◆ **Task directions**
Report every line of the data that includes "Health".

◆ **Supplied information**
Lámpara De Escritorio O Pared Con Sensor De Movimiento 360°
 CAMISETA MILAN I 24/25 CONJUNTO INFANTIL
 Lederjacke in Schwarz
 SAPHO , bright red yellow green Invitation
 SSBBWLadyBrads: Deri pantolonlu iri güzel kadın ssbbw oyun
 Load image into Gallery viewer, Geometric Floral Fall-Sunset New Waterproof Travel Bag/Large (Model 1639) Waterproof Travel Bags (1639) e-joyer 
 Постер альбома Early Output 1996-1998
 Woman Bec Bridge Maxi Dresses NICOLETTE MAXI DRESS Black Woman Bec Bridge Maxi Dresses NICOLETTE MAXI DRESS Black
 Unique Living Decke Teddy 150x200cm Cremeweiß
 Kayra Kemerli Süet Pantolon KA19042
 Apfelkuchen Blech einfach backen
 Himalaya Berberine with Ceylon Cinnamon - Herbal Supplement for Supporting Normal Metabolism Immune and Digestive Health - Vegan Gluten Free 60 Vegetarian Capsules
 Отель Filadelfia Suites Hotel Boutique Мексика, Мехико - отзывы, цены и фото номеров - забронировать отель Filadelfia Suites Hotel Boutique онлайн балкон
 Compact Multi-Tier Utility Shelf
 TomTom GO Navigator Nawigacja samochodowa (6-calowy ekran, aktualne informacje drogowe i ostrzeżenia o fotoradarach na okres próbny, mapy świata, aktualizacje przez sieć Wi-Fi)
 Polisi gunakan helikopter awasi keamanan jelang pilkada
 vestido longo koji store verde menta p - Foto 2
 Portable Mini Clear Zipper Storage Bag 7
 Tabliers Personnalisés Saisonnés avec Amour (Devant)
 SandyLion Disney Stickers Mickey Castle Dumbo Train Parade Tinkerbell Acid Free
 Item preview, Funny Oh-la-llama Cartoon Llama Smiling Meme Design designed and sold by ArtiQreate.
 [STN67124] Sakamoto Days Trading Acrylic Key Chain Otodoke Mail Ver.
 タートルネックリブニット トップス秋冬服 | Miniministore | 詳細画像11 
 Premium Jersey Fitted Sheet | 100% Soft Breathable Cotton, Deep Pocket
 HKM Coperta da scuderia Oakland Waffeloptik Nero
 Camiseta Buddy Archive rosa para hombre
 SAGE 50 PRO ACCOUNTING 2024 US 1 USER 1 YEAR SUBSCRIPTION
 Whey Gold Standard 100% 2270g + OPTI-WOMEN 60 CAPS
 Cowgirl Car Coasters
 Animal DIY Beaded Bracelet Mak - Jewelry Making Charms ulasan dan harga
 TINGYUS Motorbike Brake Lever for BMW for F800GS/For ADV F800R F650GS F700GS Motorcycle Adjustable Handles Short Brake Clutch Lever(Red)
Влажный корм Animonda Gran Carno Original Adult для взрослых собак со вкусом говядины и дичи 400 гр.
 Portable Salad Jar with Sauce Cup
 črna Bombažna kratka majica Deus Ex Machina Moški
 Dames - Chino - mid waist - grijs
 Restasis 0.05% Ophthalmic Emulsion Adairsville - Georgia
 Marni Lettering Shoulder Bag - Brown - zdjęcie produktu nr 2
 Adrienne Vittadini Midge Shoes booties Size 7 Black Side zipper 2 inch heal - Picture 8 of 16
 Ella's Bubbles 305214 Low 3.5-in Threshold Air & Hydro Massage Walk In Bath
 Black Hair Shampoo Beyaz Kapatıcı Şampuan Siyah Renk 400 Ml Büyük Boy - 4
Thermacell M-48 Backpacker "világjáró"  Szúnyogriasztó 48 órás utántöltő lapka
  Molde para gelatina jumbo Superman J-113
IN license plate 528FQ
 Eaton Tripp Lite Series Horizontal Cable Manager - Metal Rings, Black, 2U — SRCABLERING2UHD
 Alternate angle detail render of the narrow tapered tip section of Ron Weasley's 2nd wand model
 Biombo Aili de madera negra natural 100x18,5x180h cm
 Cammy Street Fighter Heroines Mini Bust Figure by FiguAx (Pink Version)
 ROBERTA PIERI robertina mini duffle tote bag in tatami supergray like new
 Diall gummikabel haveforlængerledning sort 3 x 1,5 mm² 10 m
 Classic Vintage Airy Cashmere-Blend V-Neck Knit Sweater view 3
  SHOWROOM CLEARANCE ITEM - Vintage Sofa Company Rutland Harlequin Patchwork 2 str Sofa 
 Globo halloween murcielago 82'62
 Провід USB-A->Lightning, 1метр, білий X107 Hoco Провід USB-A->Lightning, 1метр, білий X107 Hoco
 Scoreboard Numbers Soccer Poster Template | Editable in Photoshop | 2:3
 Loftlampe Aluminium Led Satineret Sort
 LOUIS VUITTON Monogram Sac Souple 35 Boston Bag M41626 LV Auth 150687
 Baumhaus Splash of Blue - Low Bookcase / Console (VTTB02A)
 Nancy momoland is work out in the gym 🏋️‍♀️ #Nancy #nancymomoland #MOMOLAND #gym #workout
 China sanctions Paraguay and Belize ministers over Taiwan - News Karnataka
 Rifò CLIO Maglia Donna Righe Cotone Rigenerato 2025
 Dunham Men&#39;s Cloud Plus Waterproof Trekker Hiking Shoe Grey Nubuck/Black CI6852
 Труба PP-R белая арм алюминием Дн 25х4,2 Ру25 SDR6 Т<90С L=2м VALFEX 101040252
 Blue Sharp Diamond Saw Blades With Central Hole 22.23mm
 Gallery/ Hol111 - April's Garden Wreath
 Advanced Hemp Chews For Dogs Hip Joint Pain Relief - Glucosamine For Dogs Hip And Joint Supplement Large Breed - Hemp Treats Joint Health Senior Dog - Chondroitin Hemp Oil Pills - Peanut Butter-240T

◆ **Problem solution**
 Himalaya Berberine with Ceylon Cinnamon - Herbal Supplement for Supporting Normal Metabolism Immune and Digestive Health - Vegan Gluten Free 60 Vegetarian Capsules
 Advanced Hemp Chews For Dogs Hip Joint Pain Relief - Glucosamine For Dogs Hip And Joint Supplement Large Breed - Hemp Treats Joint Health Senior Dog - Chondroitin Hemp Oil Pills - Peanut Butter-240T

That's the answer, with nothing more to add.